VERNON WILLIAMS, Plaintiff,
v.
ICC COMMITTEE, WARDEN VASQUEZ, SARGEANT WELLS, East Block, and OFFICER MAYBERRY, Defendants.



The opinion of the court was delivered by: ROBERT F. PECKHAM

 Plaintiff Vernon Williams, an African-American inmate at San Quentin prison has filed a complaint under 42 U.S.C. § 1983 alleging that he has been targeted by white prison personnel and treated inhumanely due to his race and his filing of legal actions challenging his conviction and conditions of confinement. Specifically, Mr. Williams alleges that he has been kept in administrative segretation without proper justification. In addition, he claims that prison officials took his glasses away from him despite his classification as legally blind. He also claims to have been deprived of his legal materials which he requires in order to respond to this court's grant of leave to amend a previous complaint. He also claims to have been denied the opportunity to make "legal phone calls". He further claims to have been deprived of toilet paper, soap and towel, and his food package. Finally, he claims that prison officials confiscated a letter written to him by his mother.

 plaintiff seeks injunctive relief to stop this allegedly cruel and unusual treatment and further requests that this court order the return of his glasses and legal materials and other property.
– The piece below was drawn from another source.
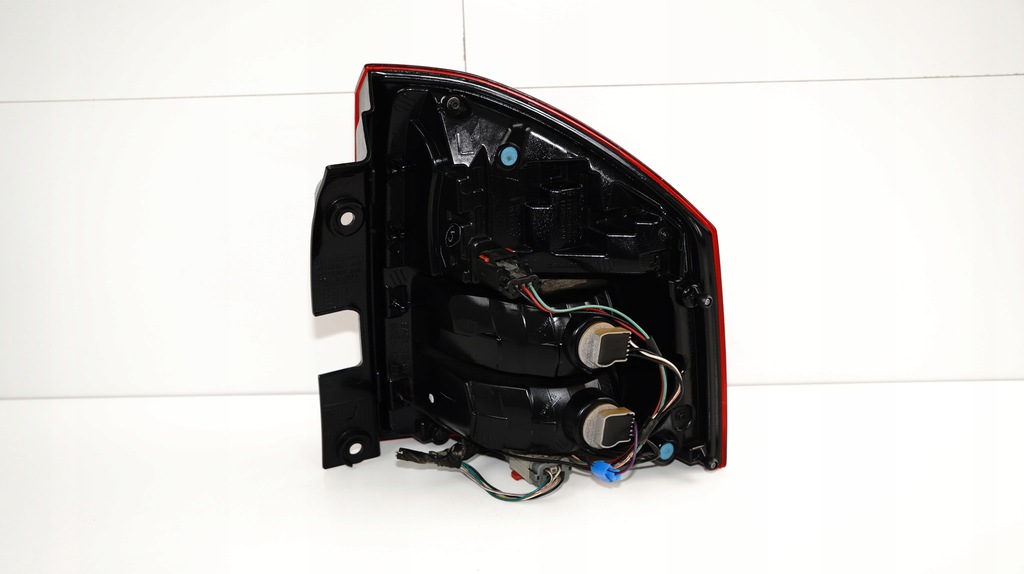 фото №6, Лампа лівий задня задня jeep compass lift 11-16r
 Plaintiff is granted leave to proceed with this action in forma pauperis pursuant to 28 U.S.C. § 1915.

 1. Deprivation of Eyeglasses:

 Deliberate indifference to serious medical needs is sufficient to state a claim for violation of the eighth amendment proscription against cruel and unusual punishment. Estelle v. Gamble, 429 U.S. 97, 104, 50 L. Ed. 2d 251, 97 S. Ct. 285 (1976); Jones v. Johnson, 781 F.2d 769, 771 (9th Cir. 1986). Such indifference may appear when prison officials deny, delay or intentionally interfere with medical treatment. Hutchinson v. United States, 838 F.2d 390, 394 (9th Cir. 1988); Hunt v. Dental Department, 865 F.2d 198 (9th Cir. 1989) (delay of three months in providing dentures to inmate suffering serious dental problems appears to have been more than an isolated occurrence of neglect, from the facts it could be reasonably concluded that the delay was deliberate; summary judgment reversed and remanded).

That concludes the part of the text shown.